Top of MATERIALS PROVIDED

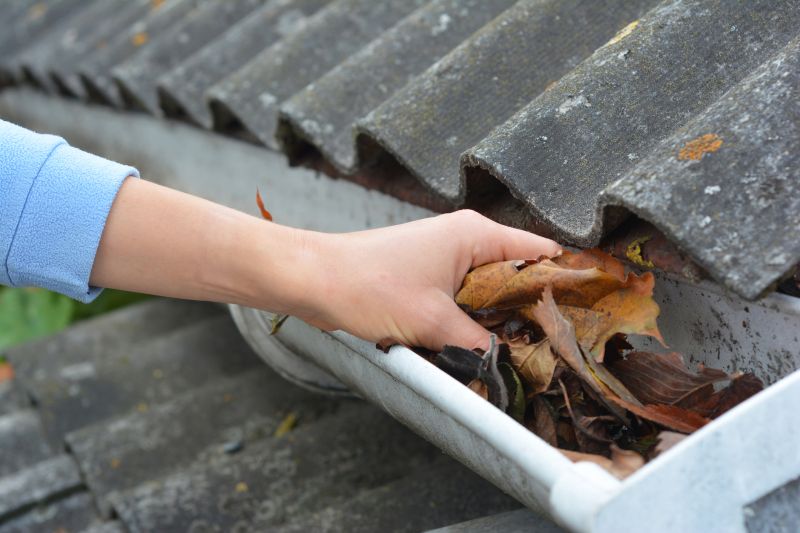 Clean and Functional Gutters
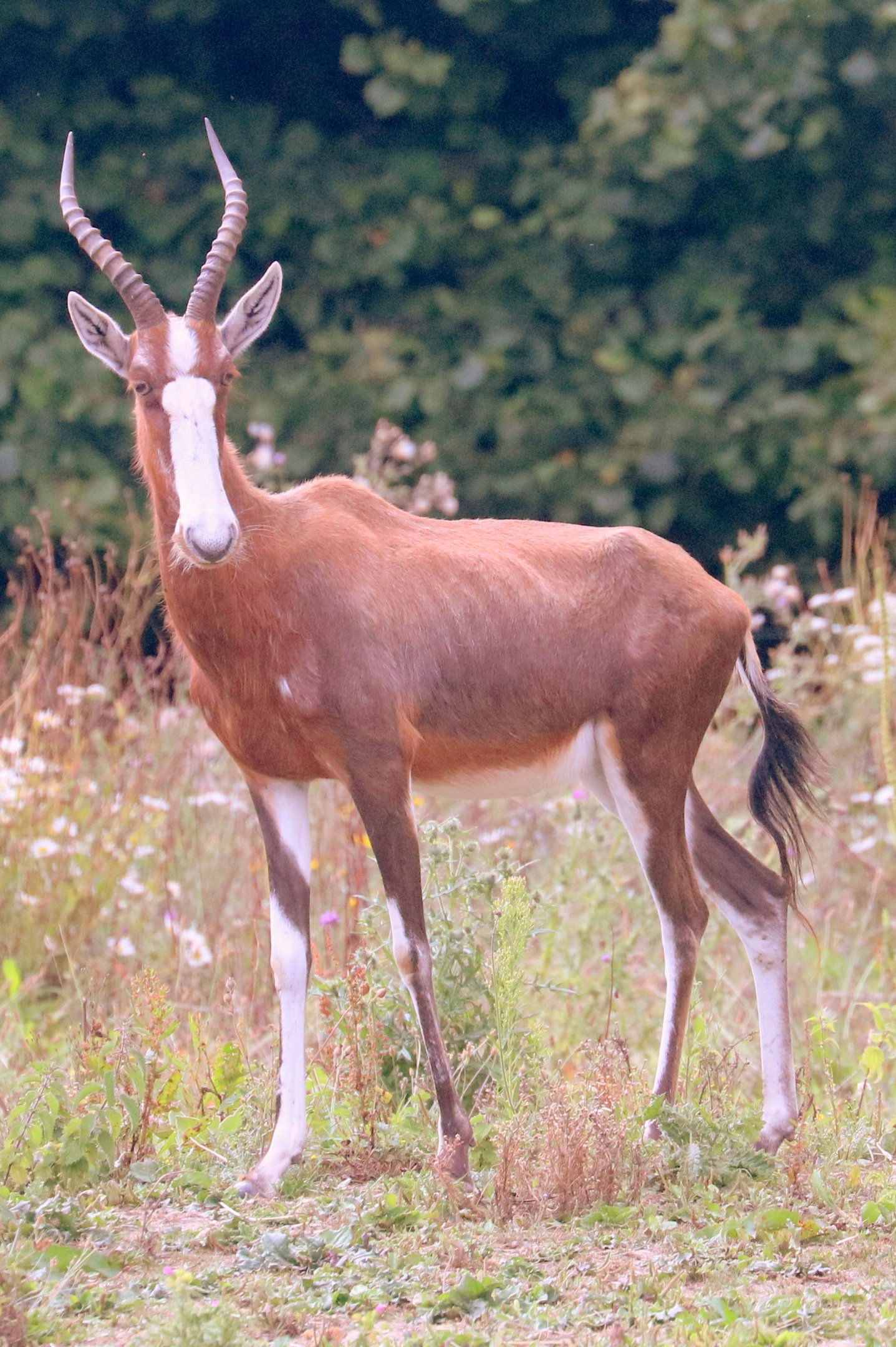 Blesbok; Marwell; 6th August 2019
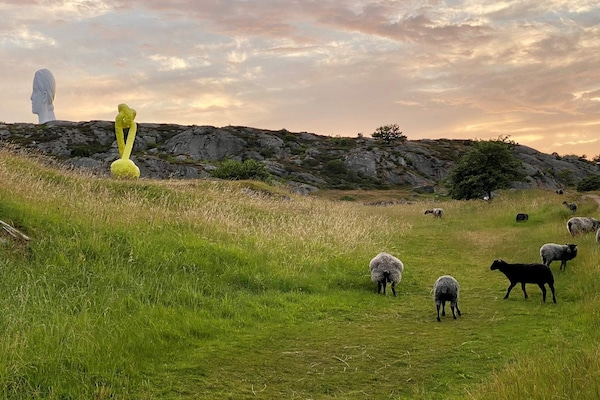 Foto van 5 persoons vakantie huis in KLÖVEDAL-By Traum - Vakantiehuis in KLÖVEDAL - Untagged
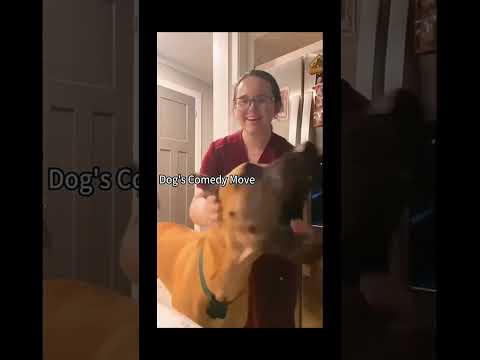 #funnydogs#cute#doglover#doglife#cure#dogshorts#pet#doglife#dogshorts#funnyanimals
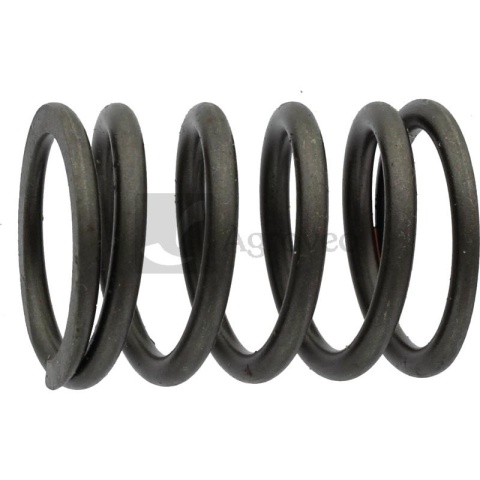 Sprężyna zaworu 38006451 F139207210180, 01222048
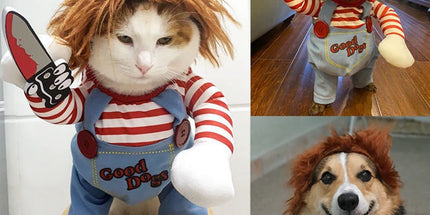 Pet Deadly Doll Dog Costume, Cosplay Halloween Christmas Funny Clothes Party Costume for Small Medium and Large Dogs - Blue - Size S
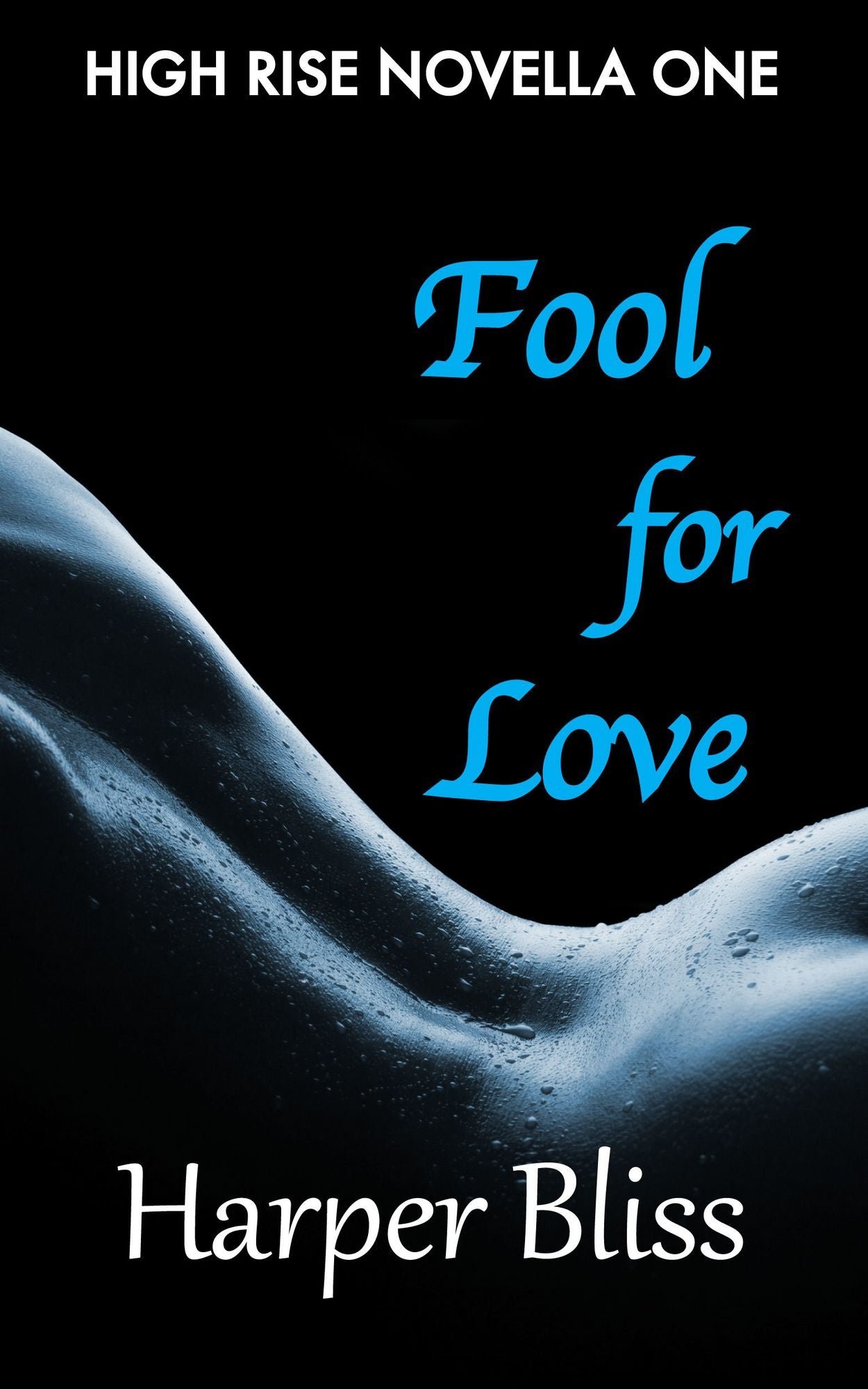 Fool for Love (High Rise Novella One)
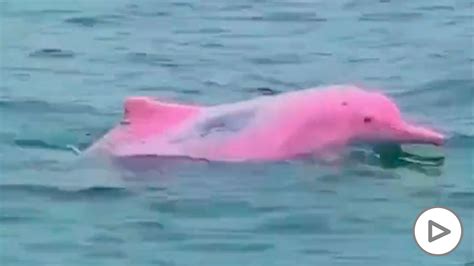 Delfines Rosados Bebes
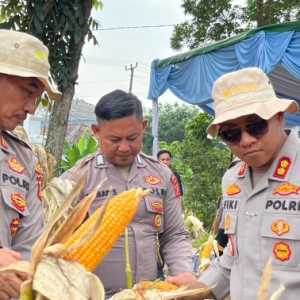 Kapolres Karawang Cek Jagung Hibrida Jelang Panen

Bottom of MATERIALS PROVIDED

**WHAT IS NEEDED**.
Type out the entries again without a single change, and leave the pictures out.

**WRITTEN SOLUTION**.
 Clean and Functional Gutters
 Blesbok; Marwell; 6th August 2019
 Foto van 5 persoons vakantie huis in KLÖVEDAL-By Traum - Vakantiehuis in KLÖVEDAL - Untagged
 #funnydogs#cute#doglover#doglife#cure#dogshorts#pet#doglife#dogshorts#funnyanimals
 Sprężyna zaworu 38006451 F139207210180, 01222048
 Pet Deadly Doll Dog Costume, Cosplay Halloween Christmas Funny Clothes Party Costume for Small Medium and Large Dogs - Blue - Size S
 Fool for Love (High Rise Novella One)
 Delfines Rosados Bebes
 Kapolres Karawang Cek Jagung Hibrida Jelang Panen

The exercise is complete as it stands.